Grand Theft Auto V   (Rockstar Games)
Grand Theft Auto V (Rockstar Games)

On the other side of my desk, a Razer Blade gaming laptop is singing that siren song I know so well. Play with me. Sleek and stylish, the Blade is heftier than a MacBook Air, but not by much. Accompanying promotional material promises that "the world's thinnest gaming laptop" delivers the most powerful "performance in its class" (think fast-jabbing welterweight, perhaps, as opposed to heavyweight big iron).

The Blade boasts good specs. The Intel processor is fast, the Nvidia graphics card is stout. Reviews have been mostly positive, though some critics have dinged it for its price ($1,799 for a Windows laptop that starts with only a 128 gigabyte solid state drive is a little steep) and the not quite state-of-the-art display. But the critic who lives in my house, my 15-year-old gamer son, has pushed the machine to its limits for two weeks and pronounced himself satisfied.

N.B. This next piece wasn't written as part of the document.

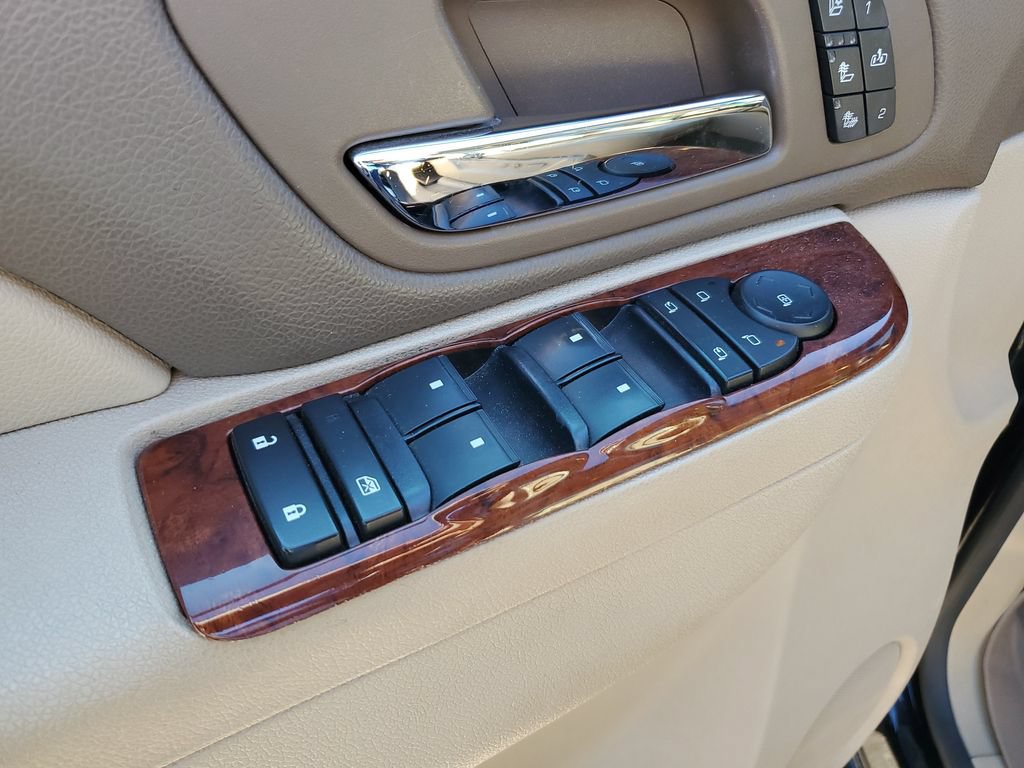 Used 2014 Chevrolet Suburban LTZ AWD/4WD image 17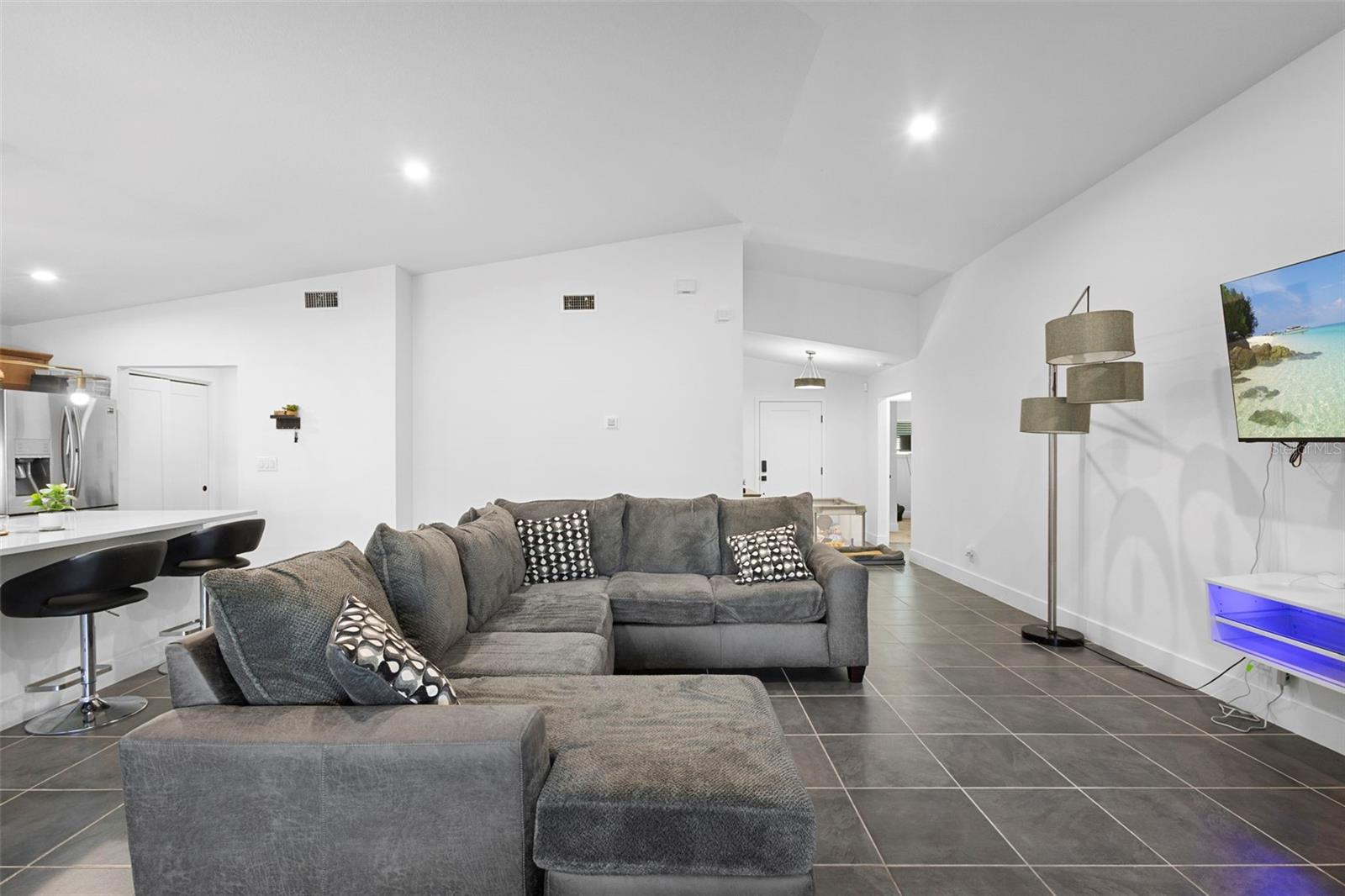 WEST HIGHLANDS - Residential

Too satisfied. He mourns the fact that the Blade was provided to me for review purposes, and must be returned. I understand the feeling. While he's off at school, my fingers itch at the sight of the Blade's green backlit keyboard. Take me for a spin, the Blade whispers. You know you want to.

I do, and I don't. As I contemplate the Blade, I can't get a sentence from a recent essay about the state of gaming culture out of my head. In "Poison Tree: A Letter to Niko Bellic About Grand Theft Auto V," Tom Bissell, a writer whose gaming criticism I've read and enjoyed for years, recounts a crisis of faith in the guise of a missive addressed to "GTA V's" violence-prone, car-jacking-crazy protagonist. Although Bissell appreciates the masterly quality of "GTA V's" gameplay (ratified by the market to the tune of $1 billion in sales in just three days), his hours riding through the mean streets of Los Angeles have sparked an impressive outbreak of self-loathing.

Solitary play can feel especially shameful, and we gamers have internalized that vaguely masturbatory shame, even those of us who've decided that solitary play can be profoundly meaningful. Niko, I've thought about this a lot, and internalized residual shame is the best explanation I have to account for the cesspool of negativity that sits stagnating at the center of video-game culture, which right now seems worse than it's ever been.

I kind of know what Bissell is talking about. I am familiar with cesspool, reflective of so much of the Internet's worst misogynist, homophobic and racist tendencies. That "internalized residual shame" is one reason why I personally gave up gaming. Solitary play, hacking and slashing, mowing down opponents in a rage of slaughter, just didn't seem physically or mentally healthy. So I packed it in. Now I worry about what all the time my son spends gaming might be doing to him. Hell, I worry about what a generation growing up on ubiquitous, amazingly immersive gaming will do to the culture at large.  Something, surely? A billion dollars was just spent in three days on a game whose structure encourages random violence and brutality. That can't be good.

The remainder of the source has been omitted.